Task statement:
Would you transcribe the entries below, beginning at the line with "To All the Boys- P.S." and ending after the line with "They See Me Rollin", exactly, with no picture and nothing more?
*** Available records ***
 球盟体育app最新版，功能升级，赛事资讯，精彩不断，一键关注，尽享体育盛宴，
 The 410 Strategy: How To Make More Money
*** End of Available records ***
*** Available records ***
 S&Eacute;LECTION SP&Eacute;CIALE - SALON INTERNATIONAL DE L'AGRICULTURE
*** End of Available records ***
*** Available records ***
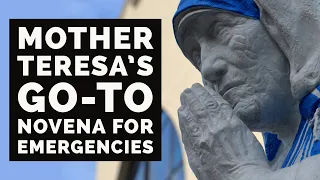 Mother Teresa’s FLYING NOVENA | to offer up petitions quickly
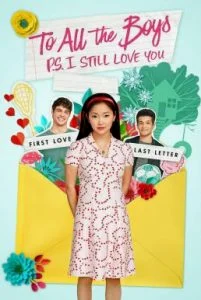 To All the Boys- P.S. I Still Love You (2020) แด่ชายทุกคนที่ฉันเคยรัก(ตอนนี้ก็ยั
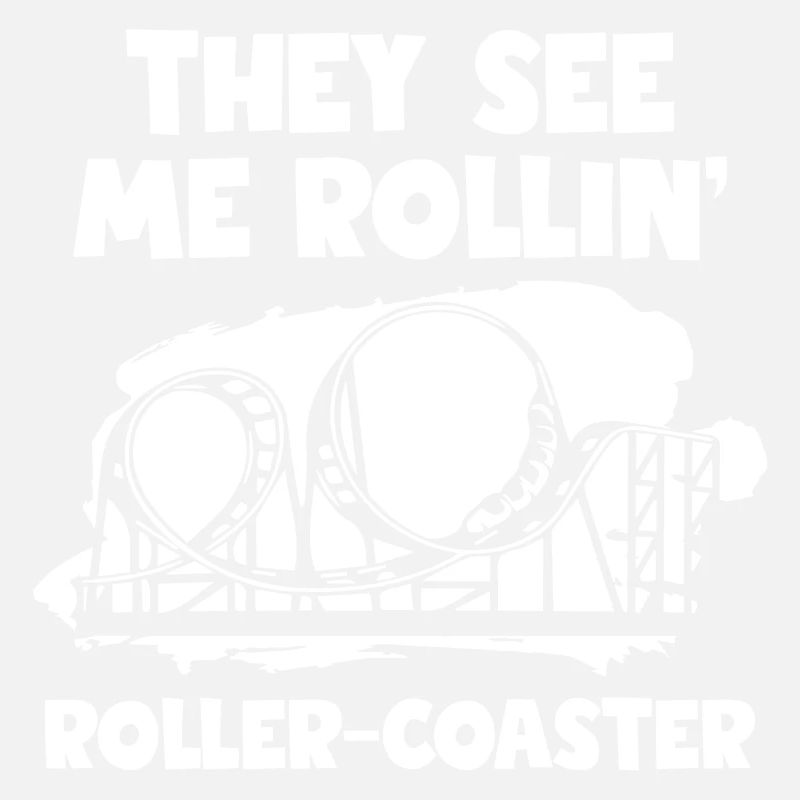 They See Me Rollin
*** End of Available records ***
Answer box:
 To All the Boys- P.S. I Still Love You (2020) แด่ชายทุกคนที่ฉันเคยรัก(ตอนนี้ก็ยั
 They See Me Rollin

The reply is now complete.